What you should do: Only the pictures are to be dropped; return all other data below exactly.

Start of Given information

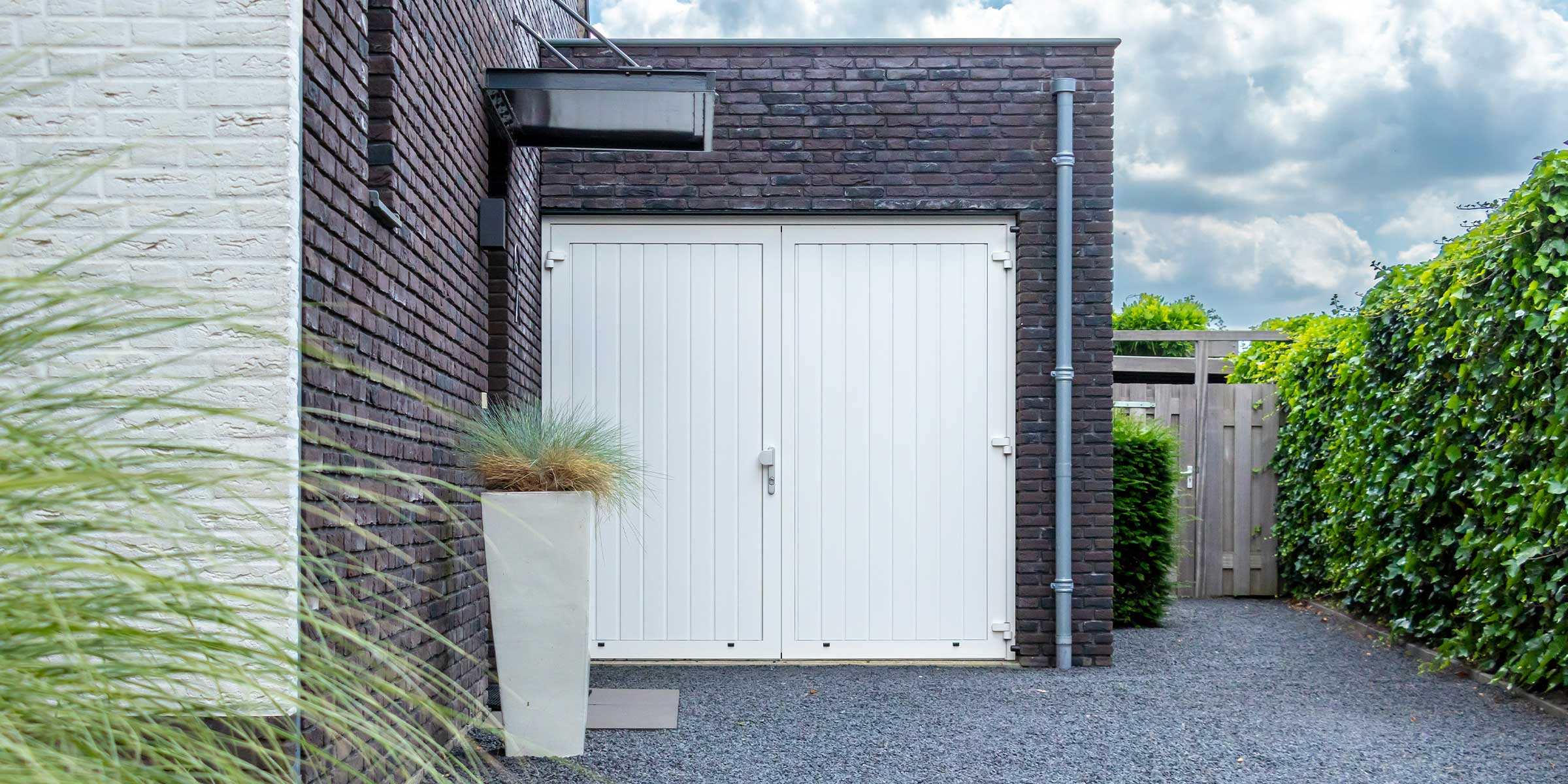 Ambassa garagedeur wit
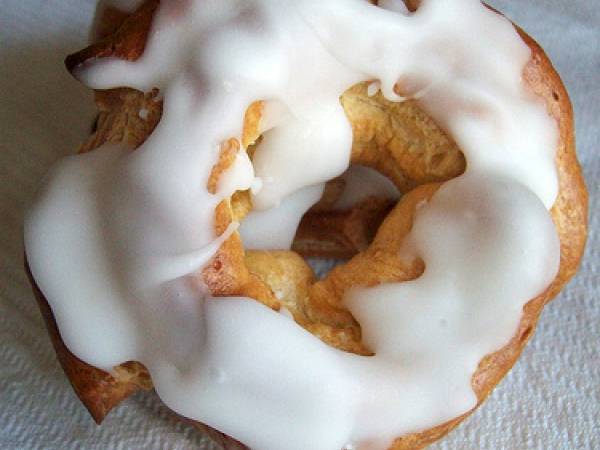 Taralli pasquali di uova con glassa di zucchero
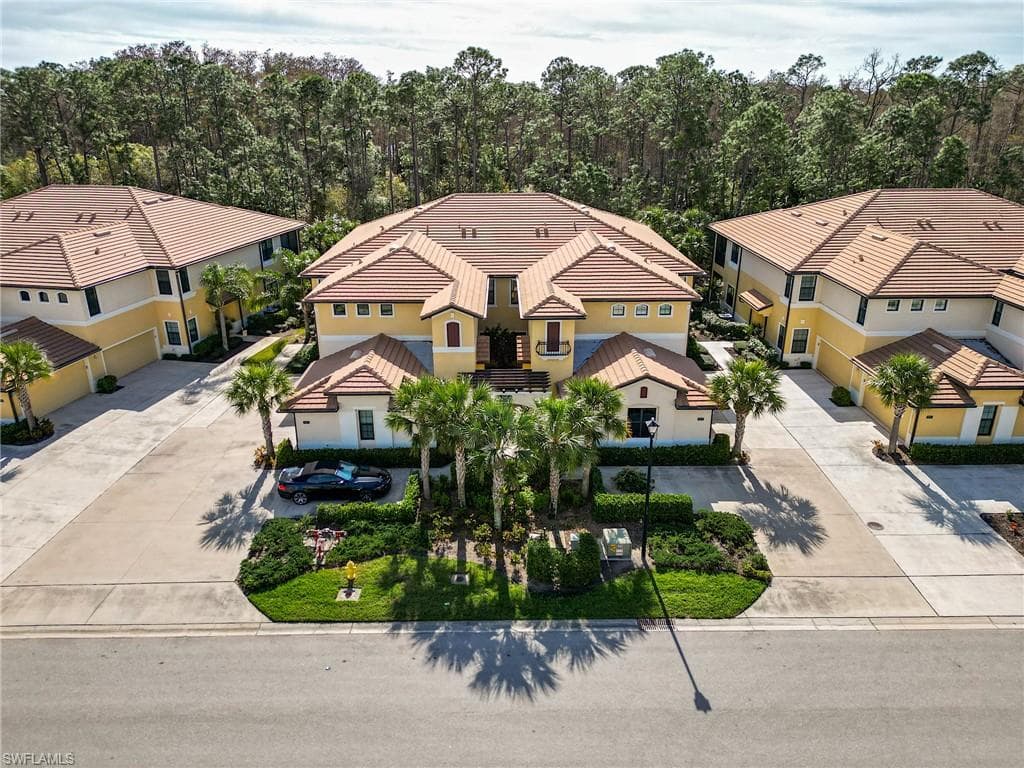 10463 Casella WAY 101 FORT MYERS, FL 33913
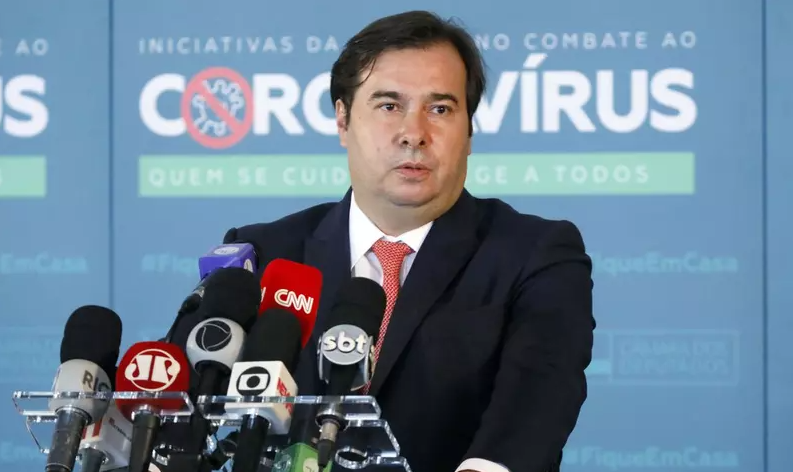 Rodrigo Maia diz a deputados que deixará o DEM após eleição na Câmara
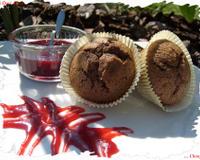 C'est mon petit frère qui m'a réclamé ces muffins, tout comme moi il adore la framboise et il faut dire que ça fait un petit moment que je n'avais pas cuisiné le chocolat…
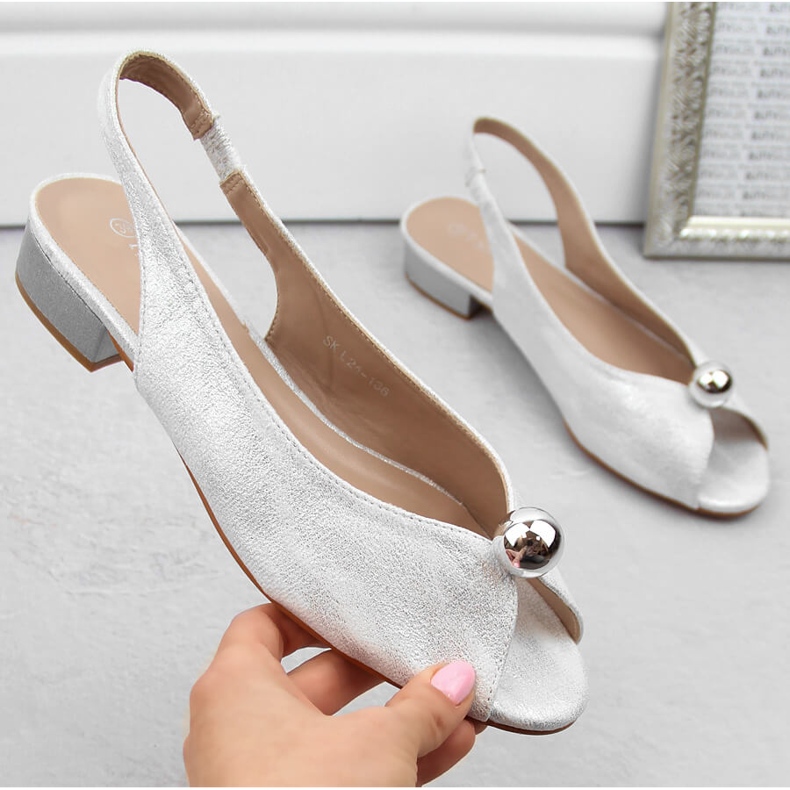 Silberne Damen-Sandalen mit niedrigem Absatz T.Sokolski 136 silber- 1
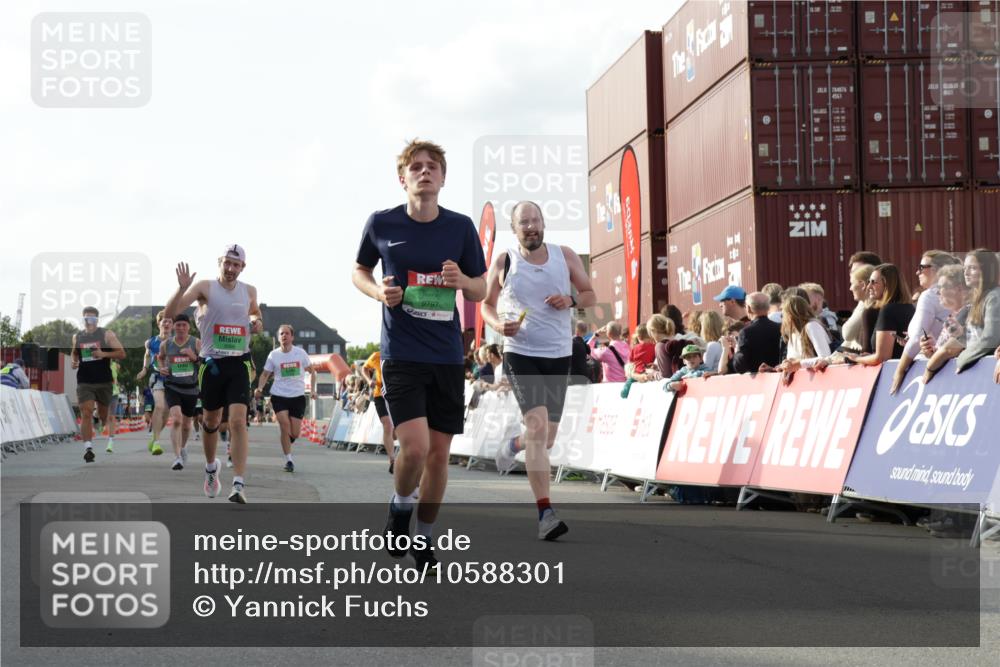 03.10.2026 - Köhlbrandbrückenlauf Yannick Fuchs http://msf.ph/oto/10588301 03.10.2026 16:07:40 Ziel 7066, 7242, 7404, 7405, 7406, 7765, 8314, 8455, 8497, 8968, 9797, 9838 meine-sportfotos.de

End of Given information

Output:
 Ambassa garagedeur wit
 Taralli pasquali di uova con glassa di zucchero
 10463 Casella WAY 101 FORT MYERS, FL 33913
 Rodrigo Maia diz a deputados que deixará o DEM após eleição na Câmara
 C'est mon petit frère qui m'a réclamé ces muffins, tout comme moi il adore la framboise et il faut dire que ça fait un petit moment que je n'avais pas cuisiné le chocolat…
 Silberne Damen-Sandalen mit niedrigem Absatz T.Sokolski 136 silber- 1
 03.10.2026 - Köhlbrandbrückenlauf Yannick Fuchs http://msf.ph/oto/10588301 03.10.2026 16:07:40 Ziel 7066, 7242, 7404, 7405, 7406, 7765, 8314, 8455, 8497, 8968, 9797, 9838 meine-sportfotos.de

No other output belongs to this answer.